Pas­sons les siècles, pas­sons les Arabes et les Nor­mands, et arri­vons au mou­ve­ment qui débu­ta il y a 500 ans, lan­çant les Euro­péens à la décou­verte du monde. De tous, il semble que ce furent les Por­tu­gais les meilleurs colo­ni­sa­teurs, en ce sens qu’ils fon­dèrent la nation bré­si­lienne, forte aujourd’hui de 25 mil­lions d’habitants, où vivent Rouges, Noirs et Blancs, sans haine de race, même sans heurts exces­sifs, popu­la­tion dont les métis forment presque le tiers. Les Russes, en Sibé­rie, ont su aus­si fra­ter­ni­ser avec les peu­plades qu’ils y trou­vèrent. Les Hol­lan­dais aux Indes eurent une cer­taine poli­tique de mariage avec les filles de chef, mais, par Mul­ta­tu­li, entre autres, nous savons qu’il n’y eut pas des mariages seule­ment. Les Espa­gnols out anéan­ti les civi­li­sa­tions mexi­caine et péru­vienne ; les socié­tés qu’ils for­mèrent ne semblent pas — sauf excep­tion — se déve­lop­per très heu­reu­se­ment, depuis qu’elles secouèrent le joug de la mère-patrie. Les Ita­liens n’émigrent que dans des ter­ri­toires déjà colo­ni­sés par d’autres.

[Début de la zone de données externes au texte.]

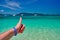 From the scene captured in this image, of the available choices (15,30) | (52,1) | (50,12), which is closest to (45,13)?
(50,12)

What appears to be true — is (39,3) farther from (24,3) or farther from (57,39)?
(57,39)

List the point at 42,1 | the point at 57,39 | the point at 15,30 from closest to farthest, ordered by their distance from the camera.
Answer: the point at 15,30
the point at 57,39
the point at 42,1

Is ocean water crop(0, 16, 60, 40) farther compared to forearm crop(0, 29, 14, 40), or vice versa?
ocean water crop(0, 16, 60, 40)

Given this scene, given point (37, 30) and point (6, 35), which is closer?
point (6, 35)

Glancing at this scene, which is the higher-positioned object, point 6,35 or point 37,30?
point 6,35

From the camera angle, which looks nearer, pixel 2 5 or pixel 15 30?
pixel 15 30

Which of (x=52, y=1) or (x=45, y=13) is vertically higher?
(x=52, y=1)

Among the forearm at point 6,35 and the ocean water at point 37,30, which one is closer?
the forearm at point 6,35

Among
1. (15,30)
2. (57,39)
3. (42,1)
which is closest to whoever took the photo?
(15,30)

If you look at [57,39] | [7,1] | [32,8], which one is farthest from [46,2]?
[57,39]

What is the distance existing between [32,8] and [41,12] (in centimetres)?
36

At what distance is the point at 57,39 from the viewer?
2.62 m

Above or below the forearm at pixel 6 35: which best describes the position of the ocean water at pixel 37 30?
below

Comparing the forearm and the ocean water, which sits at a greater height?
the forearm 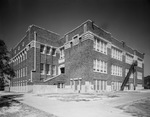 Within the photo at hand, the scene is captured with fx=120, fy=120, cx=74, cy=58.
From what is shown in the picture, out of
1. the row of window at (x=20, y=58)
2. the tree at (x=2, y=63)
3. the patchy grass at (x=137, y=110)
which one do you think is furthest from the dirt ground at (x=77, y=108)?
the row of window at (x=20, y=58)

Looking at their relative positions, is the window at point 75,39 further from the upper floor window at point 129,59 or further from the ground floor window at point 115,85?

Le rôle des Anglais nous four­nit les pires exemples et aus­si les meilleurs. Il y a l’Irlande, pour ain­si dire la plus ancienne colo­nie… bri­tan­nique ; voyez, 700 ans de cruau­tés et de mal­adresses abou­tis­sant, en 1920, à la faillite la plus par­faite que l’histoire ait enre­gis­trée. Il y a l’extermination des Peaux-Rouges, des Tas­ma­niens, de l’Australien ; le Mao­ri ne sur­vit qu’en par­tie. Il y a enfin les hor­reurs de la loi de Lynch, inven­tée var le Yan­kee, fils aîné de l’Anglo-Saxon. D’autre part, le gou­ver­ne­ment anglais est le pre­mier qui ait pris très net­te­ment posi­tion contre la traite des Nègres ; il a su cou­per court à une guerre de races, en remet­tant les rênes du pou­voir au Boer vain­cu ; enfin, le pre­mier entre ses pareils, il ose aban­don­ner une colo­nie, la plus récente, l’Égypte, à une race « infé­rieure ». (Dites, si vous vou­lez, il a la pru­dence de le faire avant que cela se gâte, dites qu’il garde des atouts, dites ce que vous vou­drez, le fait n’en est pas moins là.) En réa­li­té, on assiste, en Angle­terre, à une évo­lu­tion rapide de l’esprit public, qui oscille du com­mer­cia­lisme féroce au puri­ta­nisme rigide. Aux Indes, vis-à-vis de 300 mil­lions de sujets, le fonc­tion­naire anglais agit géné­ra­le­ment avec l’honnêteté per­son­nelle la plus scru­pu­leuse, il a le désir d’être juste et bon édu­ca­teur, mais il ne sait pas se dépar­tir de sa rai­deur. Sauf excep­tions de pre­mier ordre, notam­ment celle des théo­sophes, qui sont entrés dans le mou­ve­ment reli­gieux hin­dou, l’Anglo-Saxon sait se rendre anti­pa­thique aux races « inférieures ».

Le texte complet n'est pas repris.